Il y avait certainement des signes, il avait changé tant dans ses habitudes que dans son attitude. Puis un jour, nous avons trouvé la preuve qu’il consommait et c’est là que l’implosion lente a commencé. On aurait dit que du moment où nous l’avions confronté et qu’il savait que nous étions au courant, il a commencé à s’enfoncer plus profond dans la drogue. Il n’avait plus à se cacher, après tout. Nous sommes devenus codépendants ce jour-là.
Rapidement, voici une définition de codépendance du site Oser en parler : « La codépendance, ou dépendance relationnelle, est un ensemble de comportements inadéquats dans lesquels une personne s’implique au travers de la relation avec une personne dépendante. Le codépendant se fait une obsession de contrôler le comportement d’une personne dépendante, malgré les conséquences que cela peut engendrer dans sa vie, ou dans celle de l’autre ».
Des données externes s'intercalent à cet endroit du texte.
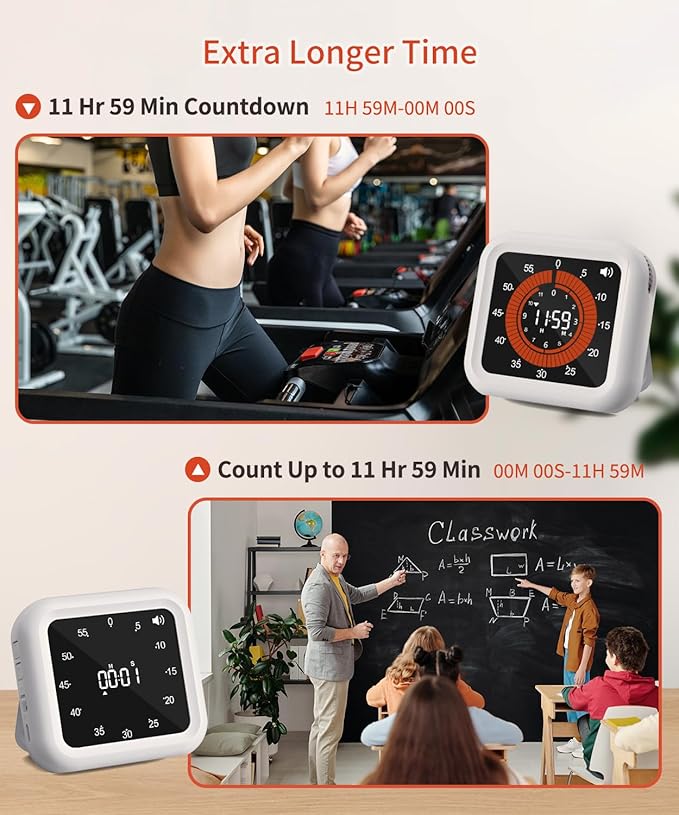Digital Visual Timer - Max 11H 59M Rechargeable Countdown Timer with VA Display, Clear Digits, Adjustable Volume and Brightness, Magnetic Digital Timer for Kitchen, Classroom, Office (White)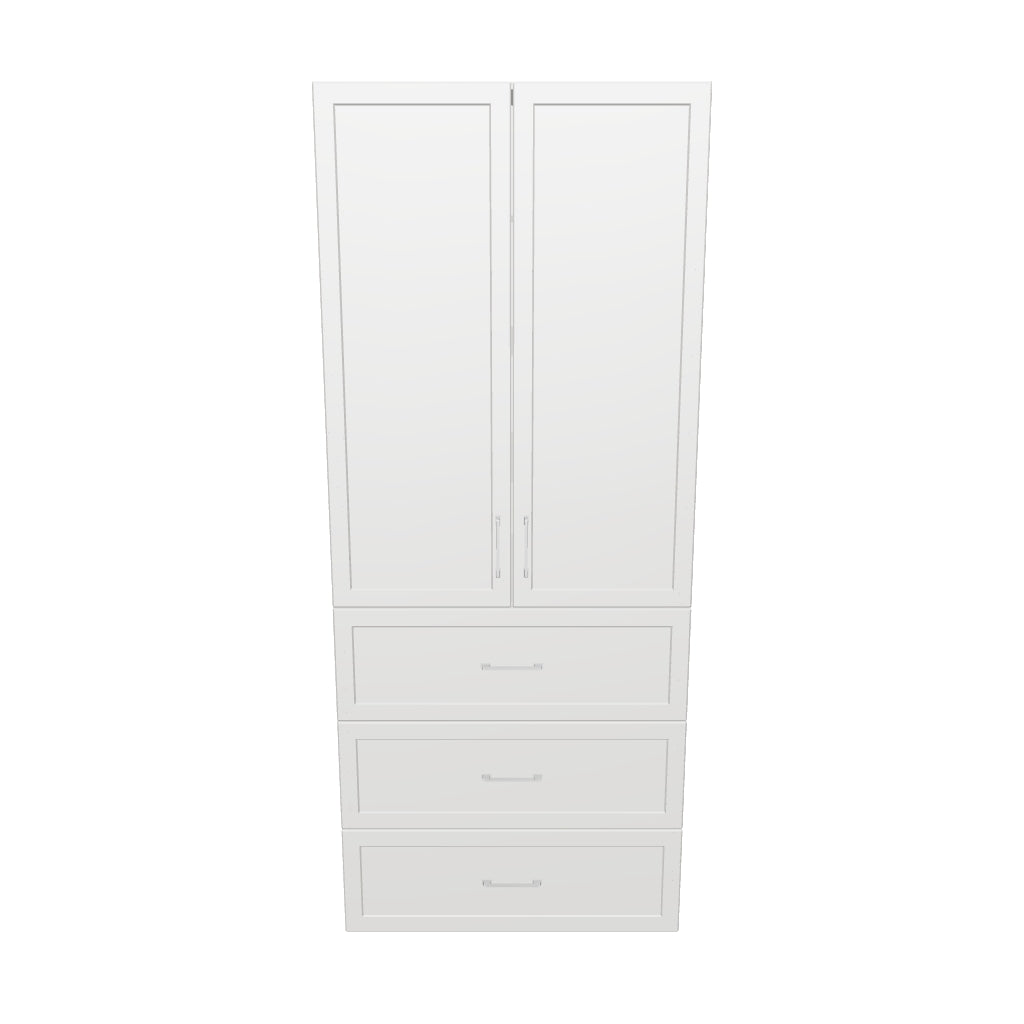 34" Wide Tall Pantry Cabinet - With Drawers - Thermofoil Doors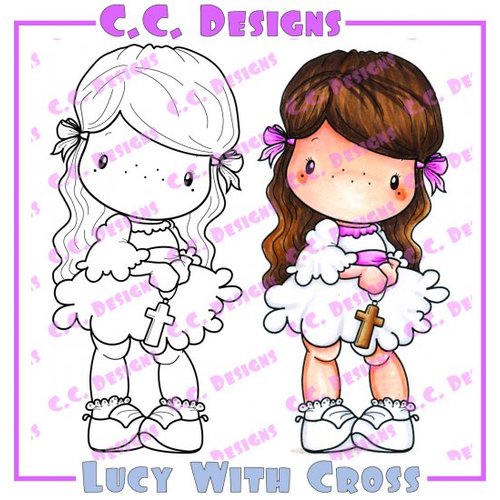 CC Designs - Swiss Pixie Collection - Cling Mounted Rubber Stamps - Lucy With Cross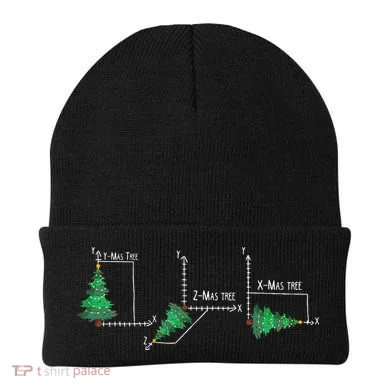 merry xmas tree math christmas Beanie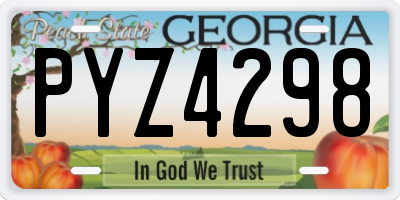 GA license plate PYZ4298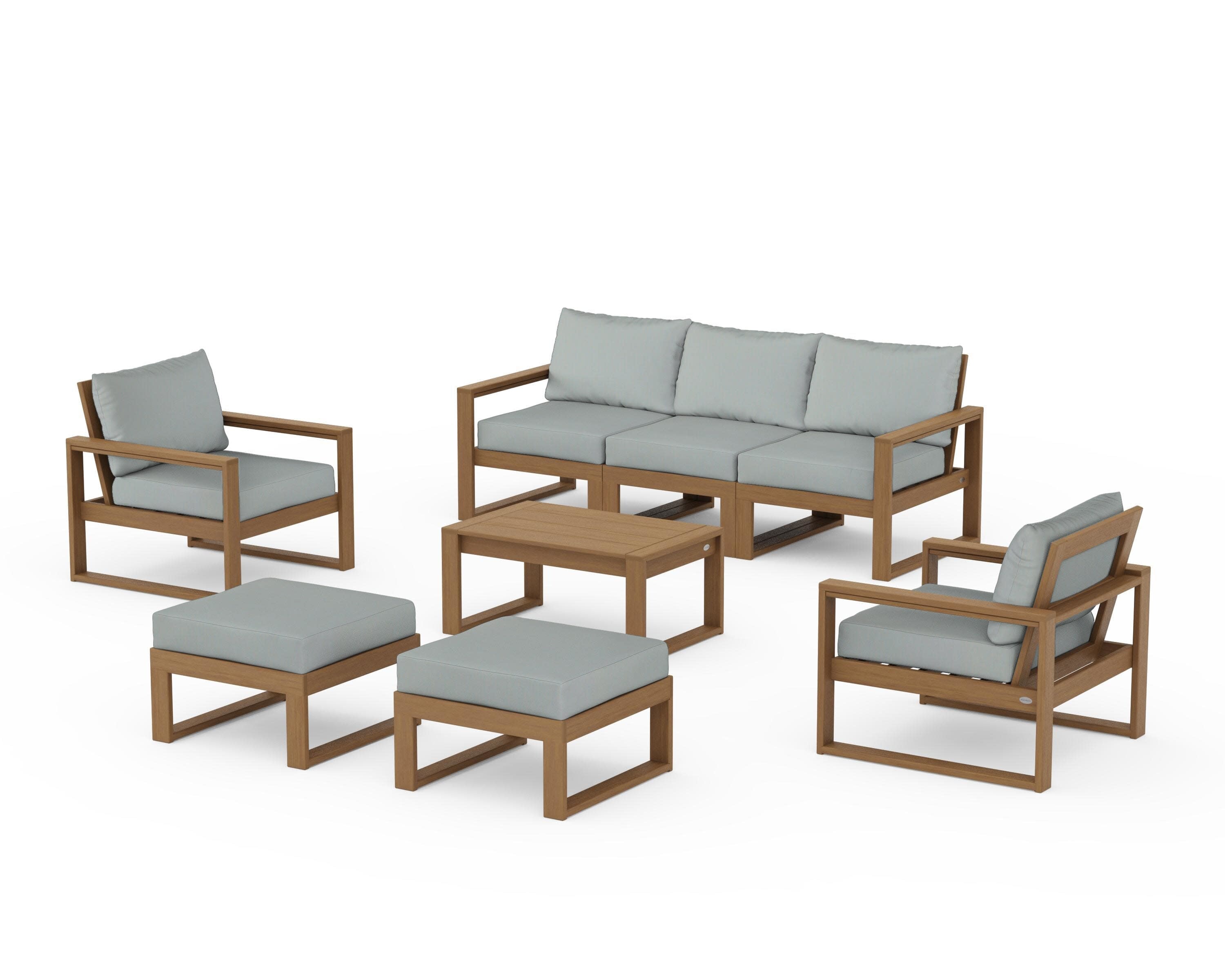 EDGE Sectional 8-Piece Lounge Sofa Set in Natural / Spa
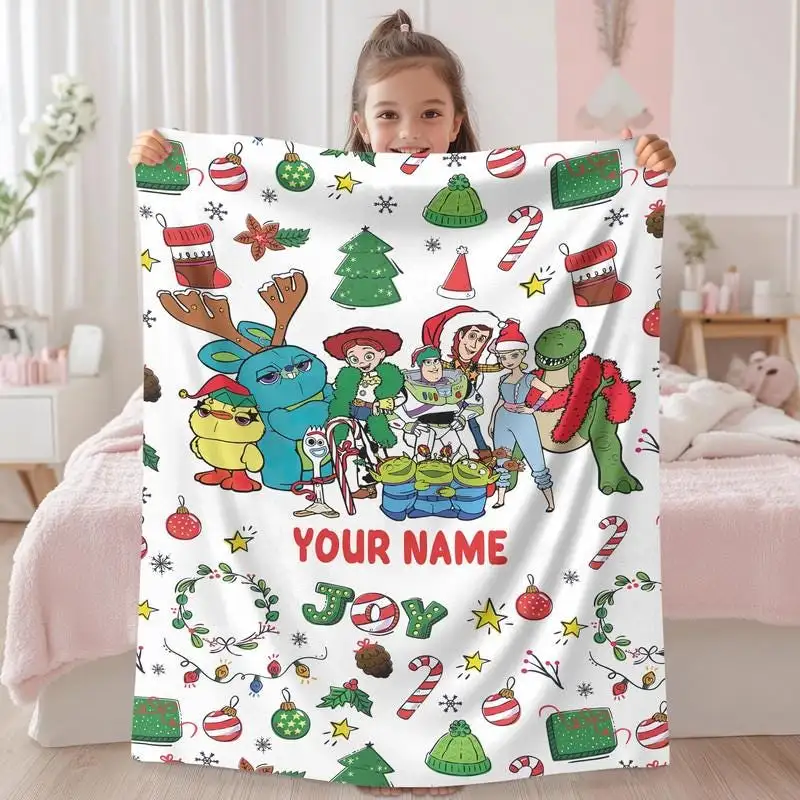 Personalized Disneyland Christmas Blanket Custom Toy Story Christmas Blanket Mickey Very Merry Christmas Blanket Disneyland Xmas Blanket 00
Effectivement, nous n’avions aucun outil pour nous préparer à supporter mon frère dans cette situation ni nous supporter nous-mêmes. Nous en souffrions autant que lui, à un niveau différent. Personnellement, j’ai vu mon petit frère disparaître tranquillement dans un nuage de poudre et de mal-être tellement profond que je refusais de passer du temps avec lui. Je voyais mes parents s’acharner à tenter de l’aider en l’obligeant à aller à des rencontres de NA ou des centres de désintoxications, en contrôlant ses actions ou en le suivant partout.
Moi, ce que je remarquais surtout, c'était le fait que mon frère retournait constamment vers la cocaïne. J’ai vu mes parents s’effacer peu à peu, subir une pression énorme, et ma famille se détériorer au point où j’ai précipité mon déménagement du nid familial, et ce, malgré le fait que je n'étais pas prête financièrement. C’était ma façon à moi de me sortir de tout ça, je venais de refuser de laisser mon frère gâcher ma santé mentale et physique.
Ce jour-là, je suis sortie de ma codépendance. Ce fut difficile : je vivais avec le sentiment que je l’abandonnais, que ça voulait peut-être dire que je l’aimais moins et que je souhaitais qu’il continue sa consommation de cocaïne. J’avais le sentiment que je n’accomplissais pas mon rôle de grande sœur : le protéger. Puis, c’est en cherchant de l’aide dans mon entourage, en discutant avec des gens vivant des choses similaires que j’ai compris que c’était par amour pour moi et pour lui que je m’éloignais, pour mieux lui tendre la main le jour où il serait prêt à vouloir s’aider lui-même.
Enfin, il n’y a aucune honte dans le fait d’aller chercher de l’aide lorsque nous vivons avec quelqu’un souffrant d’une dépendance comme le mentionne cet article. En fait, c’est souvent dans ces rencontres que nous réalisons l’ampleur de nos actions et que nous bâtissons des mécanismes pour mieux nous en sortir. Ce que j’ai compris de mon expérience, c’est qu’en étant codépendants, nous n’aidions pas mon frère, nous l’habilitions à consommer. Enfin, mes parents lui ont dit de se trouver un appartement, et depuis, à travers quelques rechutes, nous avons vu une montée vers la guérison autant pour lui que pour nous. Nous étions tous sortis de la codépendance.